REVIEW OF THE CRA INDUSTRY AT THE INTERNATIONAL LEVEL AND IN THE EU

  20.  As some of the respondents indicated, globally, the role and use of credit ratings is presently under review. Analysis is being conducted by a number of entities, including, the International Organisation of Securities Commissions ("IOSCO") and the Financial Stability Forum ("FSF"). In October 2007, the FSF was directed by the G-7 Finance Ministers and central bank Governors to undertake an analysis of the current market turmoil and to make recommendations for enhancing the resilience of the markets and financial institutions. The FSF's final report was delivered to the G-7 Finance Ministers and central bank Governors at their meeting on April 11, 2008, at which meeting the G-7 agreed to adopt the proposals and asked the FSF to report on the implementation of the various recommendations at the G-7's June meeting. With respect to the credit rating industry, the FSF made the following general recommendations:

    (a) Credit rating agencies should improve the quality of the rating process and manage conflicts of interest in rating structured finance products.

    (b) Credit rating agencies should somehow distinguish ratings on structured finance products from those on corporate ratings[14] and expand the initial and ongoing information provided on the risk characteristics of structured products.

    (c) Credit rating agencies should enhance their review of the quality of the data input and of the due diligence performed on underlying assets by originators, arrangers and issuers involved in structured finance products.

    (d) Investors should address their over-reliance on ratings, and investor associations should consider developing standards of due diligence and credit analysis for investing in structured products.

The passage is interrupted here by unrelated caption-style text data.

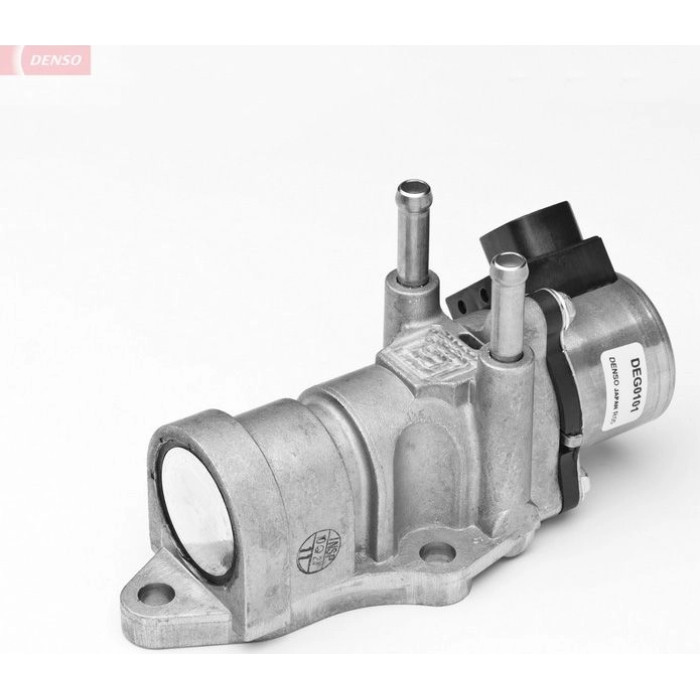 Denso DEG-0101 AGR-Ventil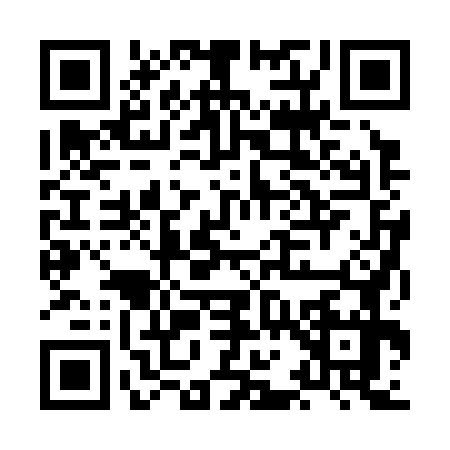QR code for HA23772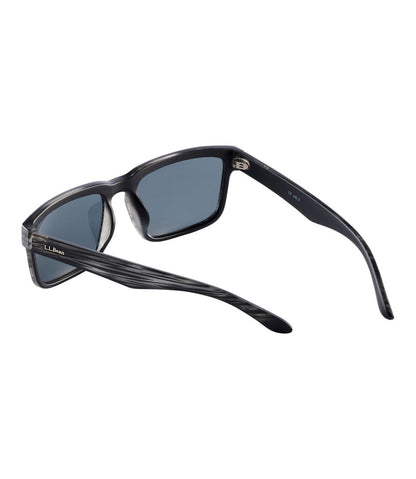Adults' Bruder Polarized Sunglasses / L.L.Bean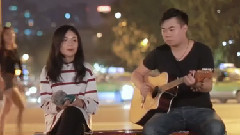 模仿翻唱 - Love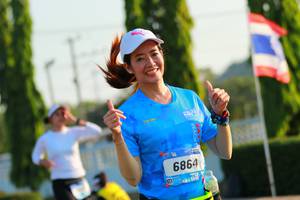 BIB: 6864
                            <button type="button" onclick="openModal(3184893)" class="btn btn-primary btn-sm float-right btn-popup" data-toggle="modal" data-target=".modal-high-quality">
                        <i class="fas fa-shopping-cart"></i> Add to Cart
                    </button>
                                            <button type="button" onclick="isThisMe(3184893, true)" class="btn btn-success btn-sm float-right btn-popup btn-isme hidden" data-toggle="tooltip" data-placement="bottom" title="นี่คือรูปของคุณใช่ไหม คลิกที่นี่เพื่อเอาเข้าอัลบั้ม">
                        <i class="fas fa-plus"></i> Add to album
                    </button>
                    <button type="button" onclick="isThisMe(3184893, false)" class="btn btn-warning btn-sm float-right btn-popup btn-isnotme hidden">
                        <i class="fas fa-ban"></i> Remove from album
                    </button>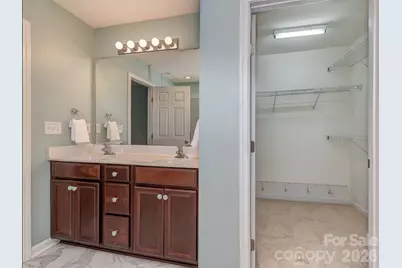 5922 Union Pacific Avenue, Charlotte, NC 28210 - Photo 21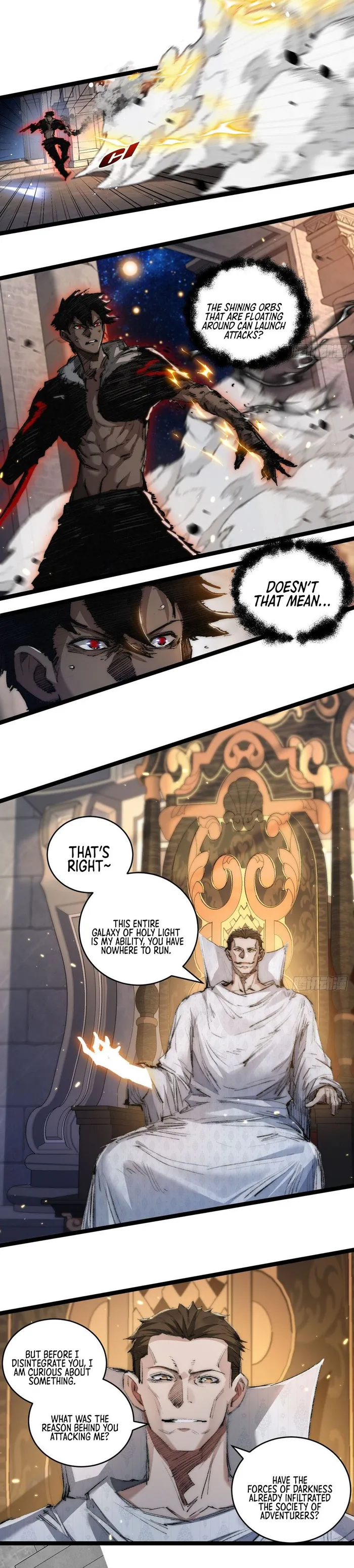 Page 6 of Chapter 23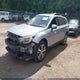 4S4BSANC4J3397364 2018 Subaru Outback 2.5I Limited auction photo thumbnail 2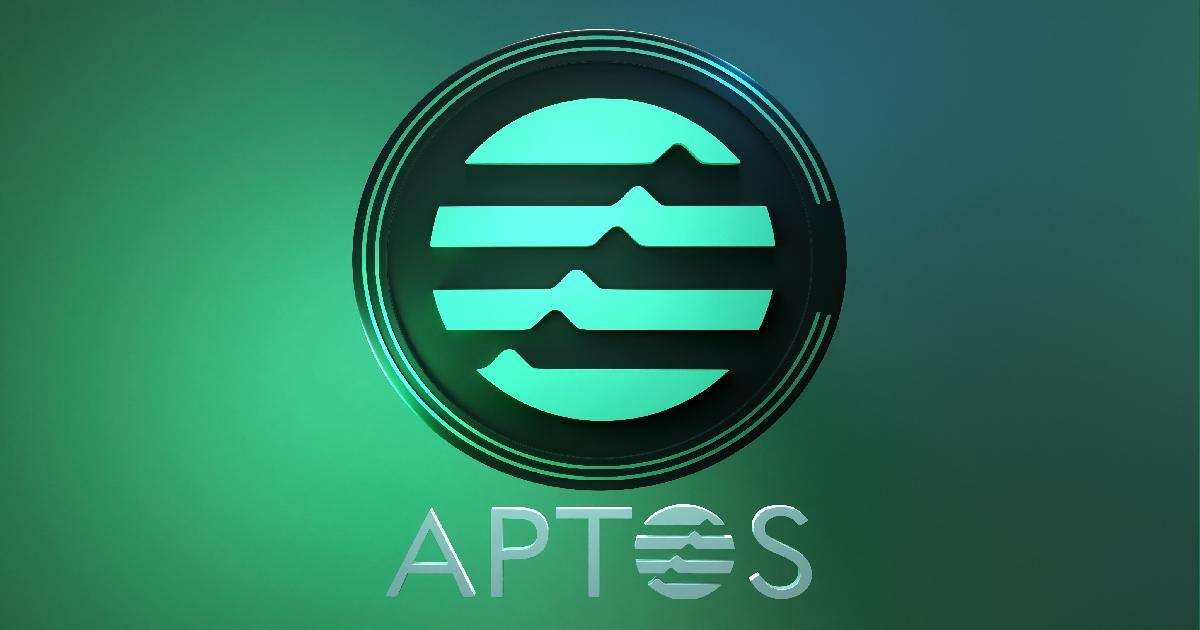 i will develop aptos nft minting website, aptos website, aptos nft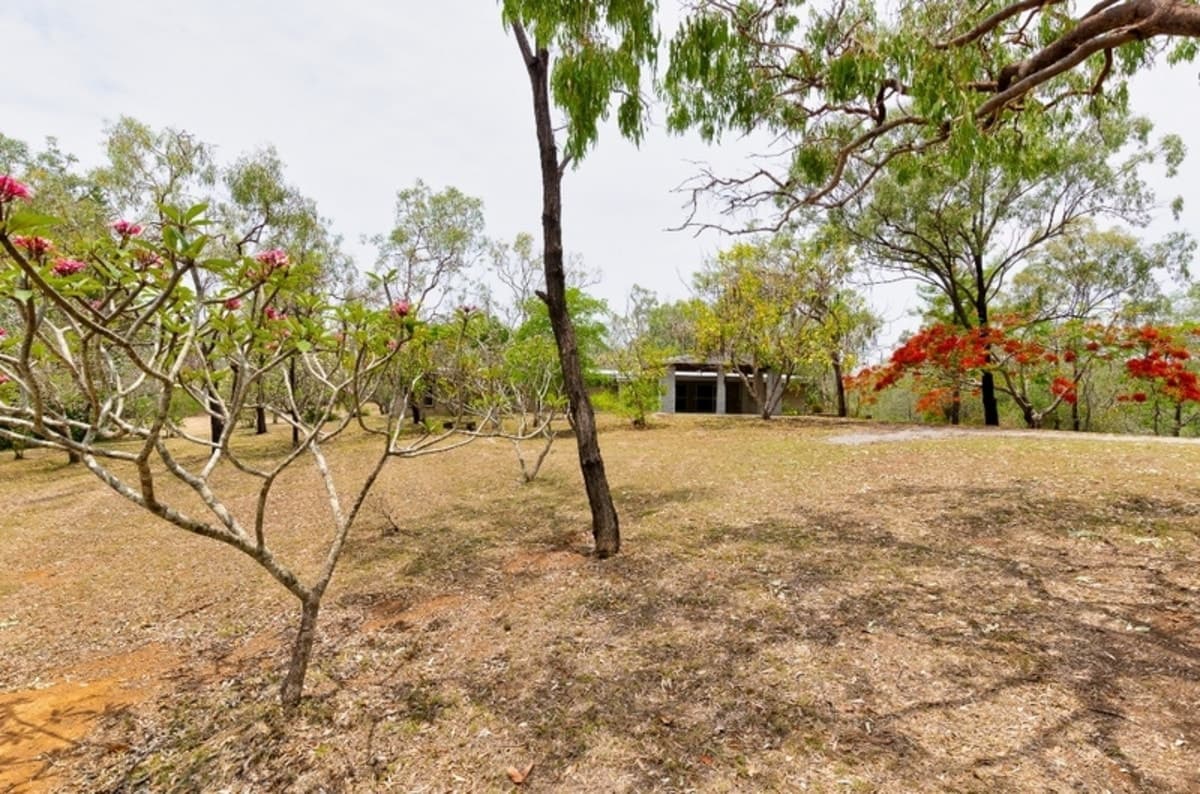 120 Baker Road, CALLIOPE, QLD, Calliope - Thumbnail 2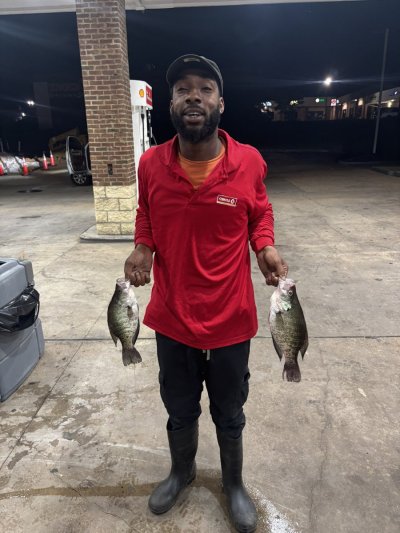 Watch SMOKEPOLEBOY1's leaked NSFW photo on TwXstars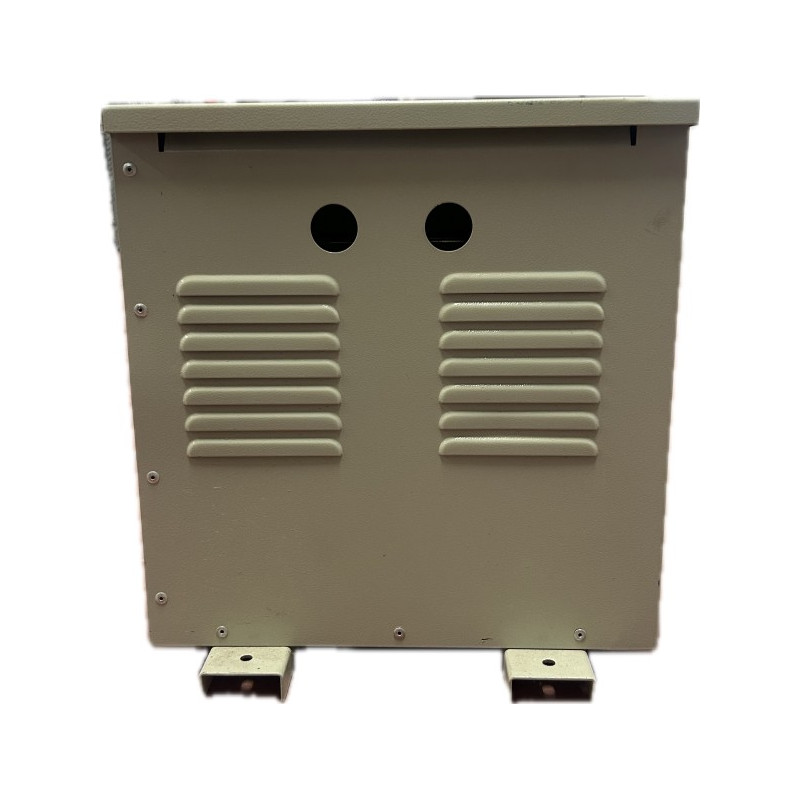 Autotransformador Trifasico 230-400V 16KVA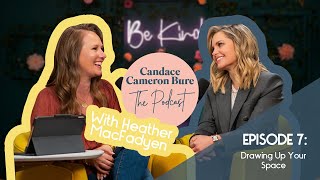 Drawing Up Your Space I Season Two, Episode 7 Net Worth
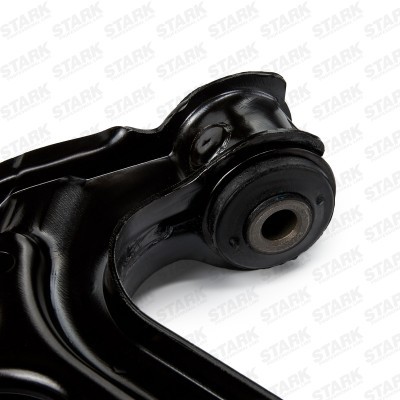 Control Arm Stark SKCA-0050120 SKCA-0050120 - photo 9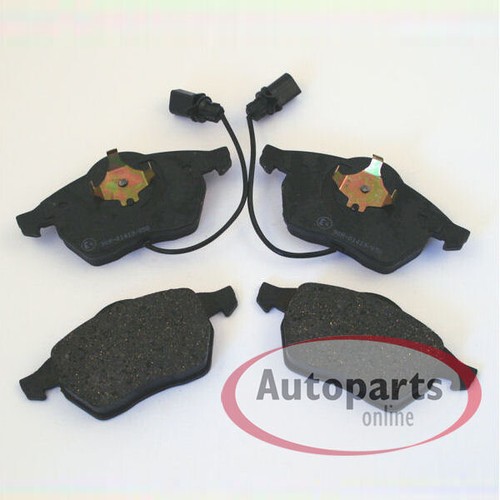 Für polo 8 gti cup - polo, 1.8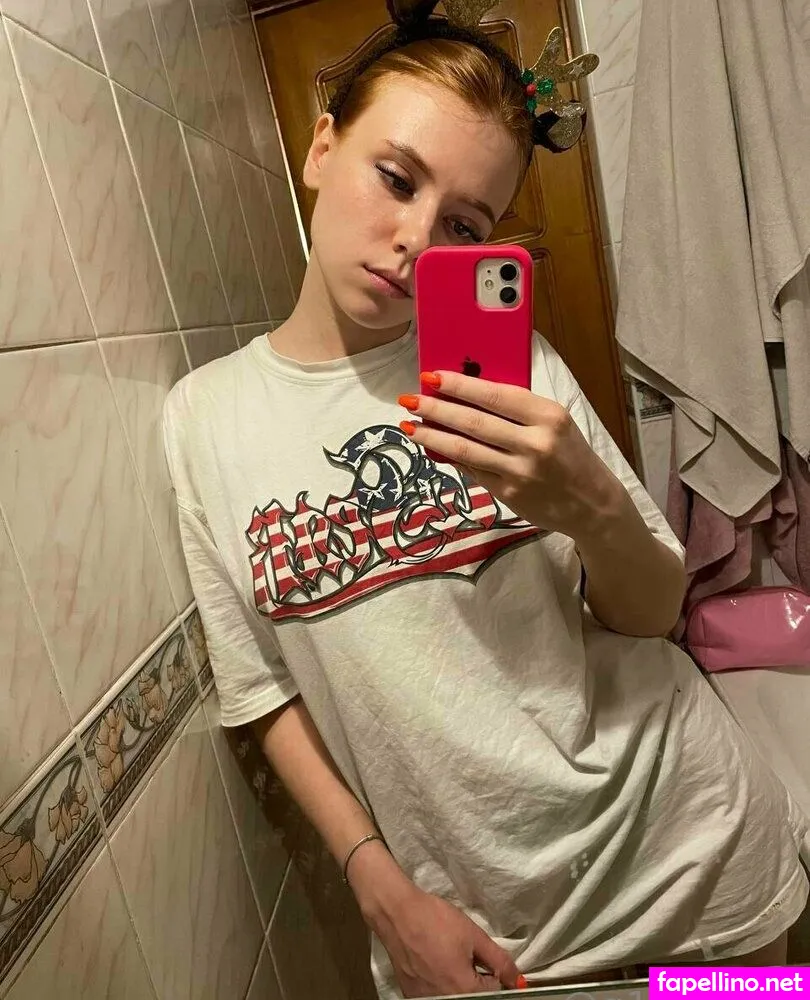 Spicystacyvip, thiccnfitt1 Leaked Nude Picture #RYaPAflXIk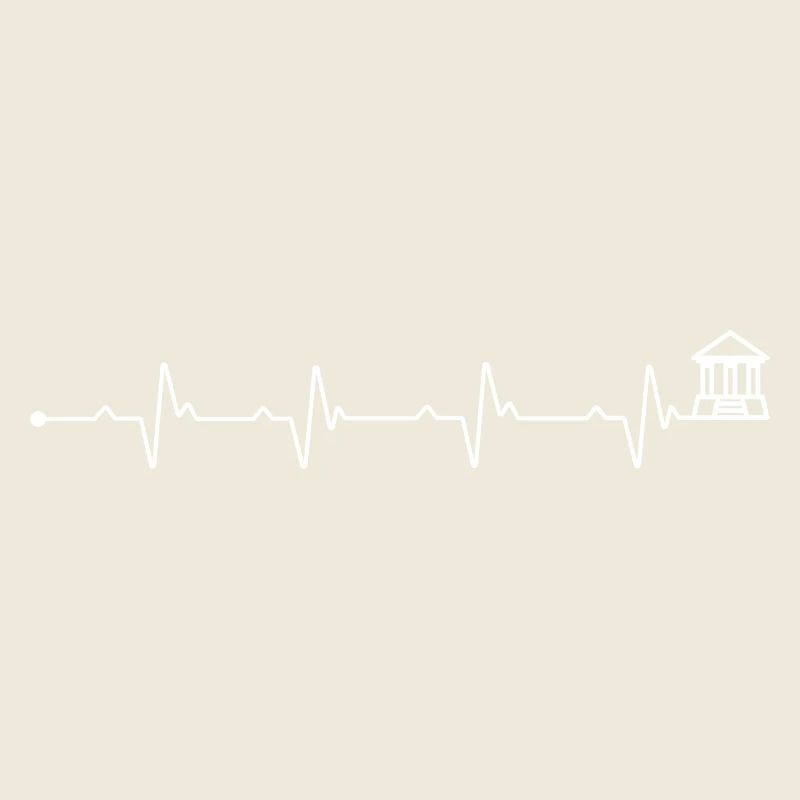 Heartbeat Athènes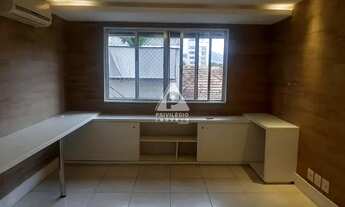 Imagem 5: Apartamento à venda, 2 quartos, 1 vaga, Urca - RIO DE JANEIRO/RJ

In addition, relevant authorities should review the use of credit ratings in the regulatory and supervisory framework to ensure investors make independent judgment of risks and perform their own due diligence.

  21.  MIS supports these recommendations and we will continue to support these and other efforts. We believe that implementation of these measures globally can have a positive impact in helping to address some of the issues about the use of ratings that some of the respondents have identified. For our part, we already have begun to adopt many of the recommendations that are addressed specifically to the rating agency industry.[15]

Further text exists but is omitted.